Self Care

I didn’t run today. Or go for a walk. Or lift any weights. I didn’t do yoga. I didn’t even attempt a plank.

I am someone who appreciates the value of self care. Sometimes it’s in the dose of a massage or a daily latte (yes, I know) but lately it’s simply been in caring for my body by moving it, lifting weights to strengthen it, attempting to get back into running because it feels so darn good to do it. My body does better when I move it.

There wasn’t time for that kind of self care today, though, or yesterday. Some days the self care I get is sitting and popping my feet up for a few minutes. Sometimes I ask for an extra hug from one of my boys because that takes only seconds and serves us both so well.

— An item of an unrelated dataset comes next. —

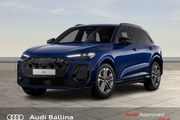 Audi Q5 2026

I did move today, though. I went up the stairs to the two older boys’ piano recitals and applauded delightedly when they were done. I walked through the lanes in Big Target with the two younger boys searching for pink lemonade and cookies. I baked Irish Soda Bread for my oldest because he wanted to sell that at their Lemonade stand. I went back and forth to the Lemonade Stand to our home with slices of Irish Soda Bread, extra napkins, and cups that flew away. I made dinner. I cleaned. I panicked and my heartbeat made its way up when my youngest called out and cried. I snuggled with the boys, rubbed their backs, and called my husband to see how his flight went.

Then I put my feet up again.

Tomorrow is another day. Another opportunity for running, strengthening, yoga, a walk outside, or at least a plank (maybe a side plank!). But today was a different kind of care day – and those are just as important.